All of the listing is to be written out word for word, with the pictures left out.

■ **Data excerpt**
◇ ◇ ◇ ◇ ◇

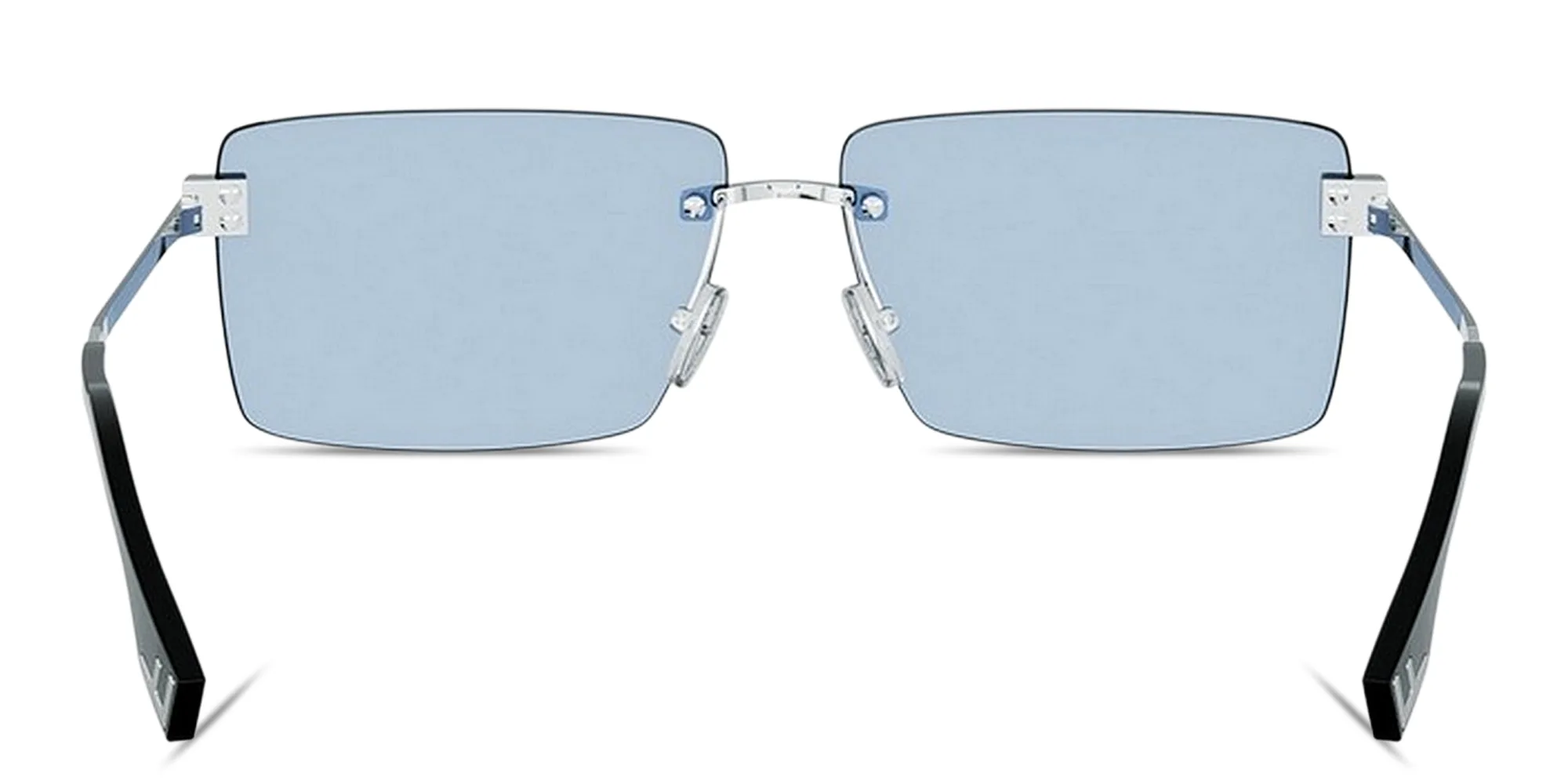 Shop FENDI Sky Rimless Rectangle Sunglasses in Palladium online.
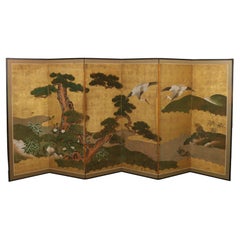 Attributed to Robert Crowder 6 Panel Hand Painted Cranes in Flight Gold Screen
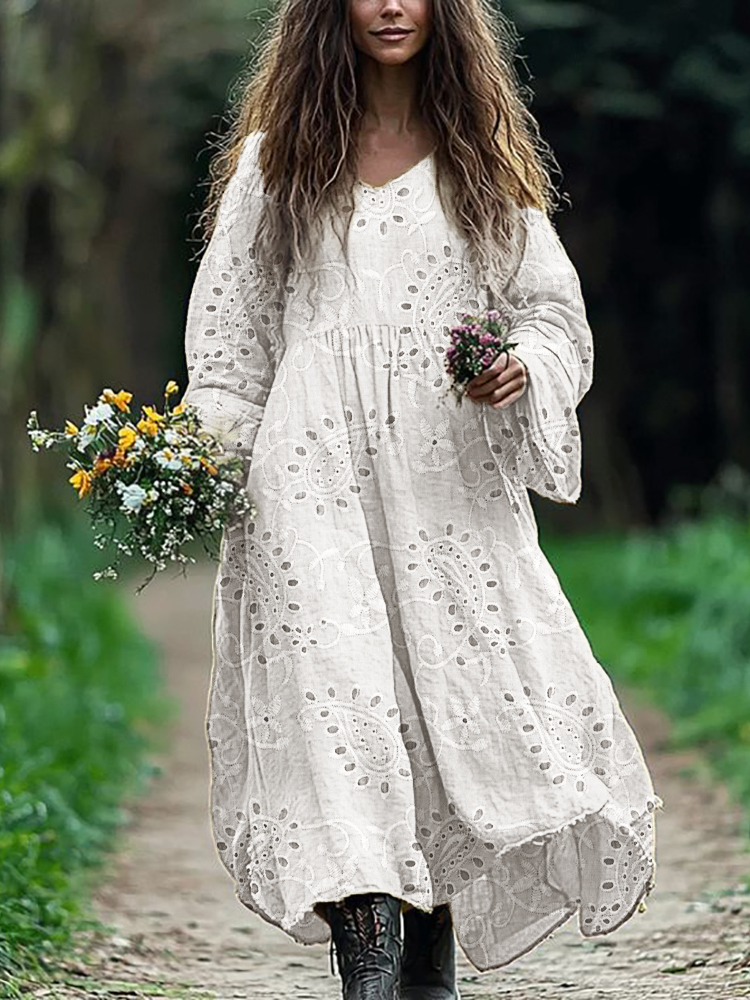 Vintage Western Paisley Floral Embroidered Lace Flowy Linen Dress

◇ ◇ ◇ ◇ ◇

■ **Result**
 Shop FENDI Sky Rimless Rectangle Sunglasses in Palladium online.
 Attributed to Robert Crowder 6 Panel Hand Painted Cranes in Flight Gold Screen
 Vintage Western Paisley Floral Embroidered Lace Flowy Linen Dress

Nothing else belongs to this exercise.